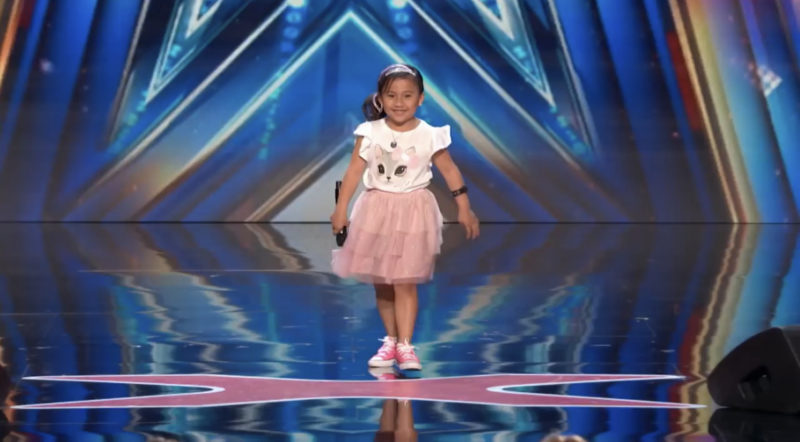 En la audición de America's Got Talent, un adorable cantante de 6 años roba los corazones de los jueces.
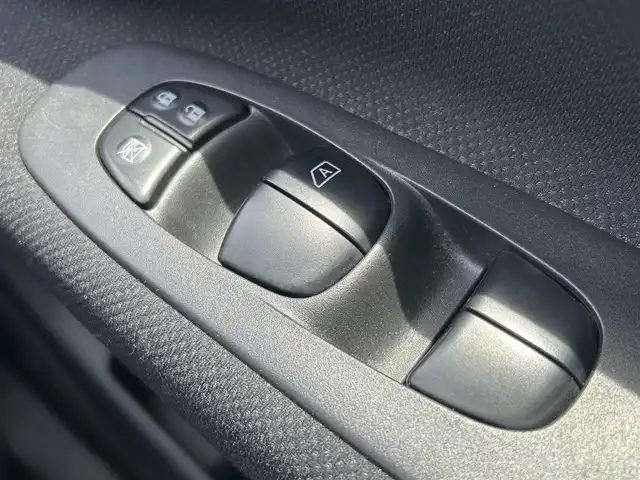 日産 セレナ ハイウェイS G Sハイブリッド 愛媛県 2013(平25)年 4.8万km ブリリアントホワイトパール 禁煙車/登録時走行距離：48060km/ETC/ディーラーＯＰ純正ナビ　/BT/CD/DVD/AM/FM/３列シート/横滑り防止装置/キセノンヘッドライト/バックカメラ/両側パワースライドドア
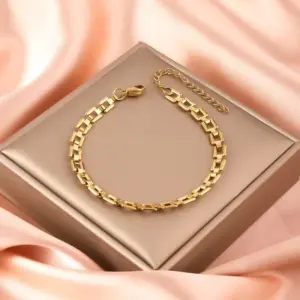 50# Hollow Square/Gold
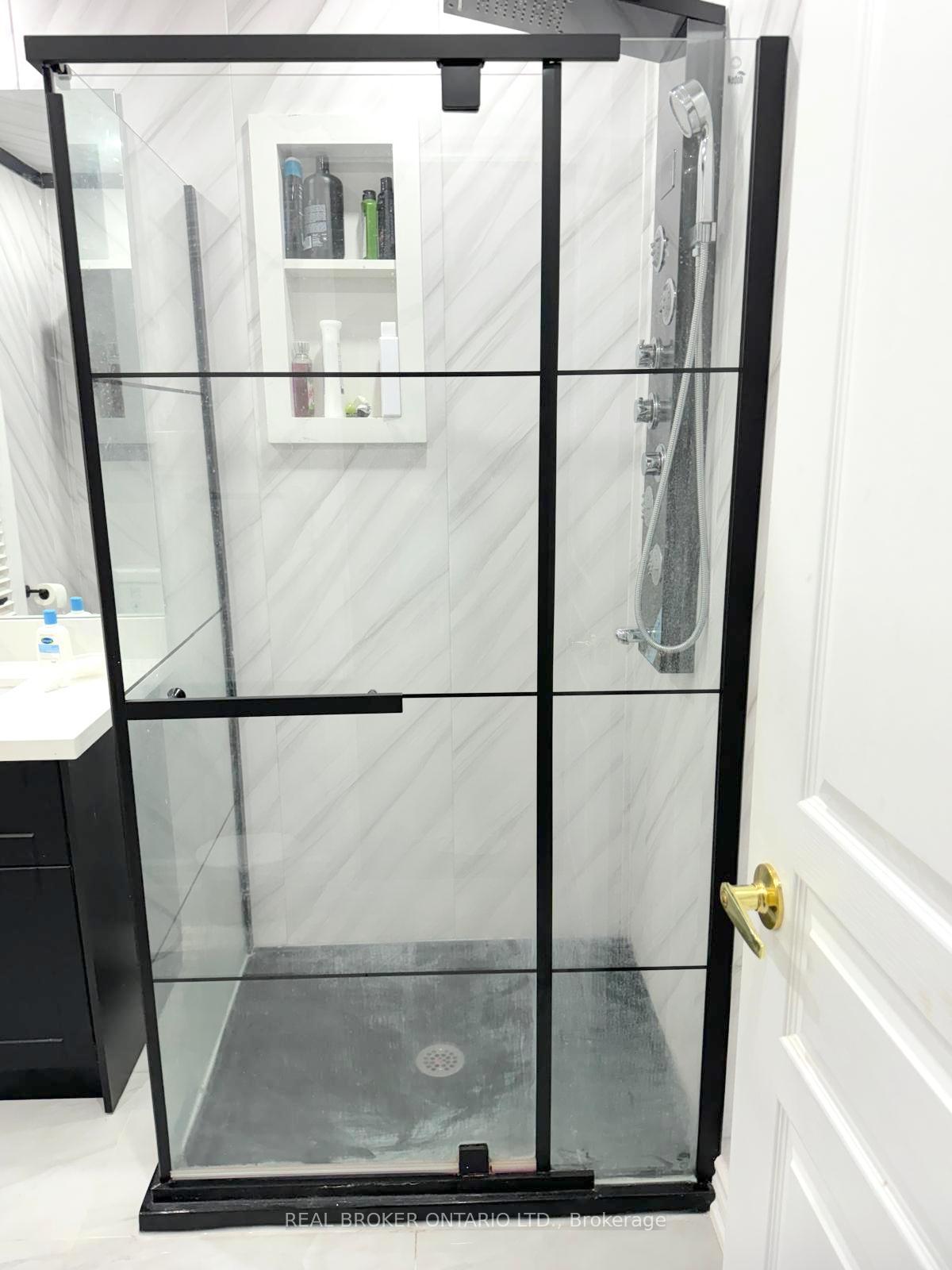 Photo 6 of 26 Forestbrook Drive, Markham, Box Grove — HOMEH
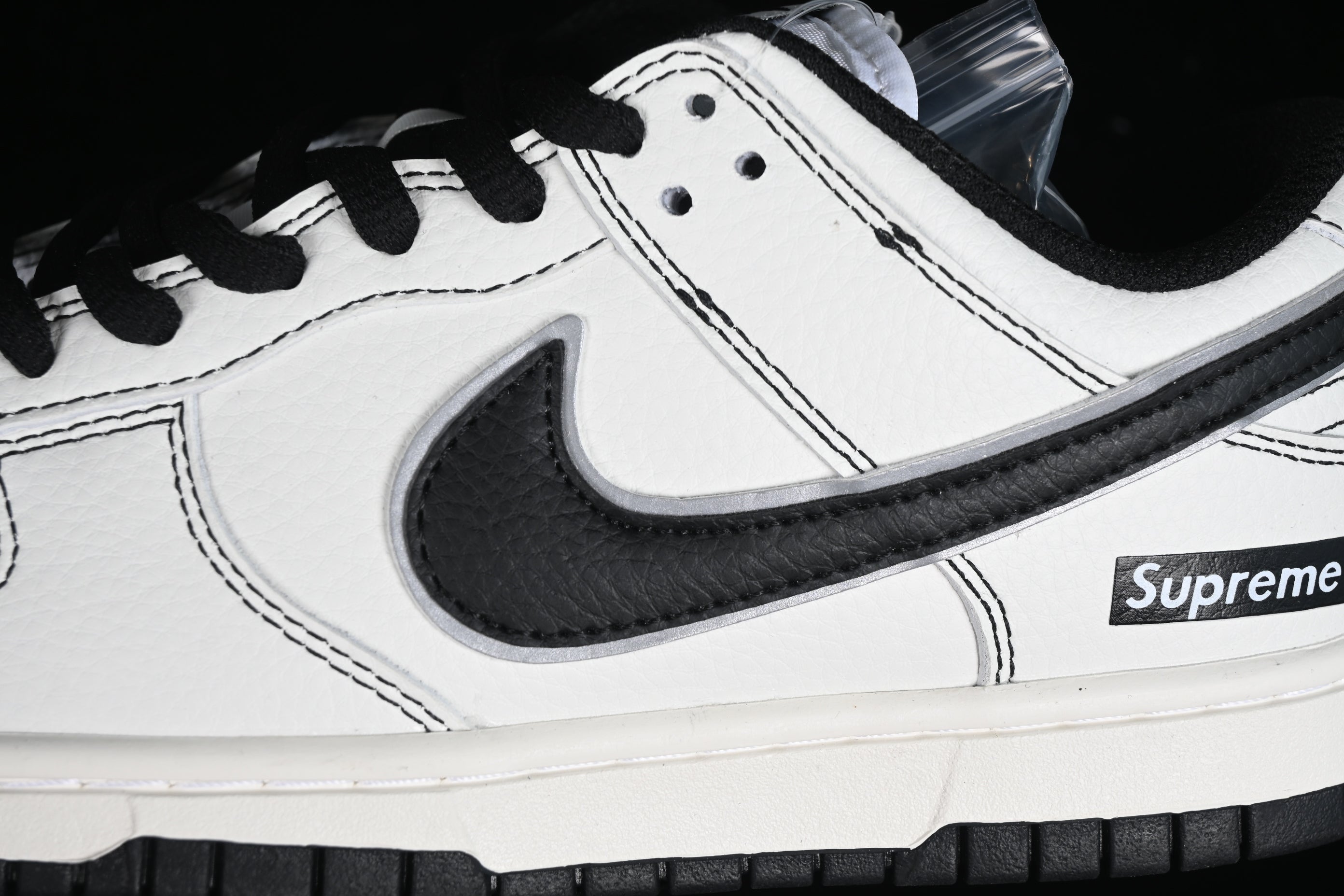 Supreme x NikeUnisex SB Dunk Low - White/Black
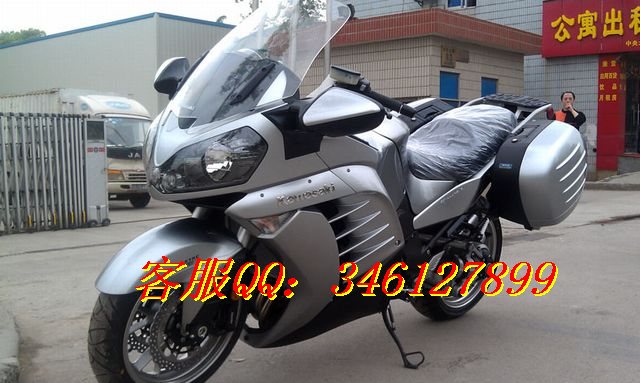 特价卖新款川崎 GTR1400摩托车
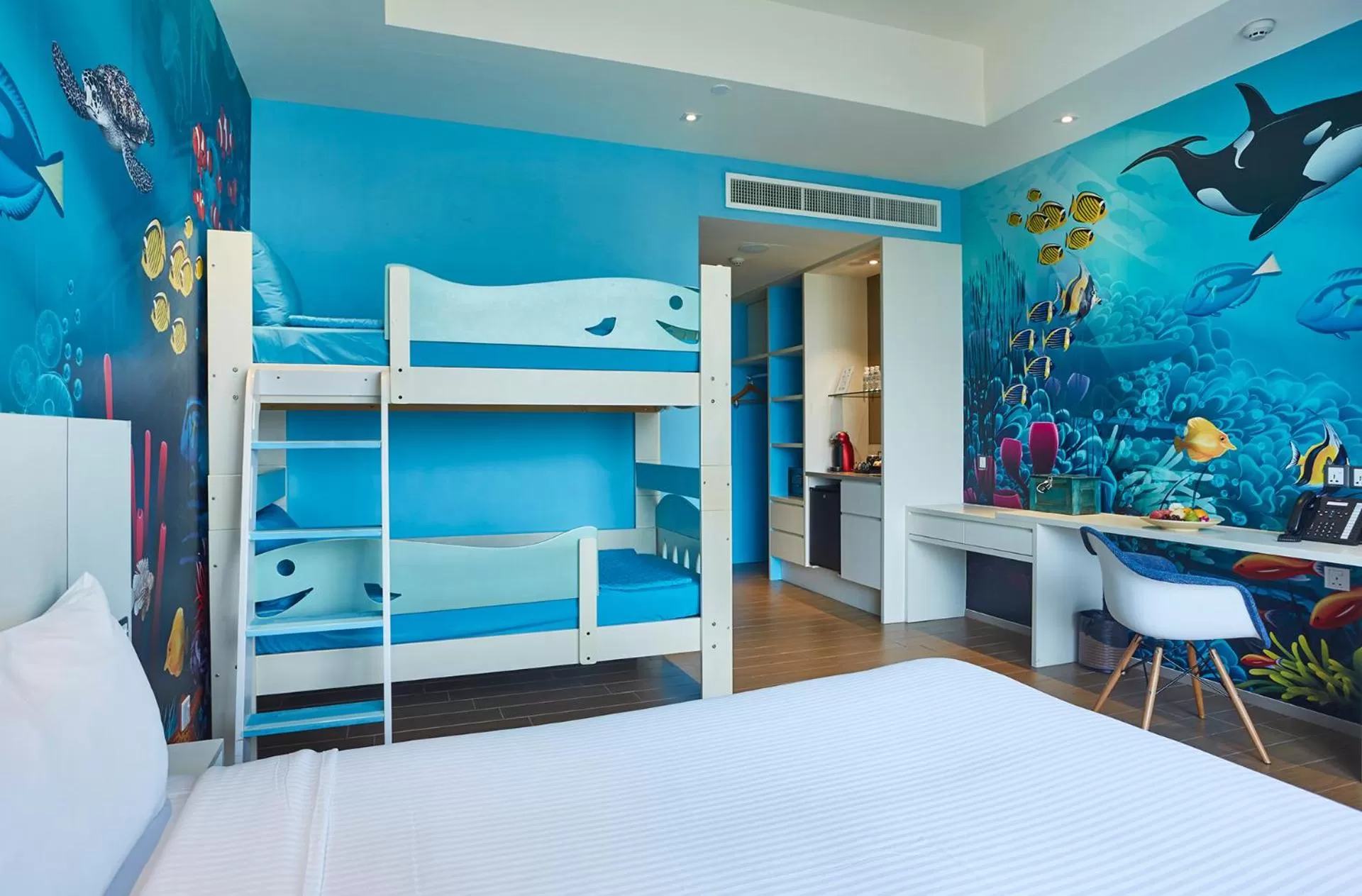 Bed in D'Resort @ Downtown East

◆ ◆ ◆

▸ **Exercise brief**
An exact copy of the lines from the one with "Photo 6 of 26" through the last line of the records, inclusive, is required, with all pictures left out.

▸ **Reply to the task**
 Photo 6 of 26 Forestbrook Drive, Markham, Box Grove — HOMEH
 Supreme x NikeUnisex SB Dunk Low - White/Black
 特价卖新款川崎 GTR1400摩托车
 Bed in D'Resort @ Downtown East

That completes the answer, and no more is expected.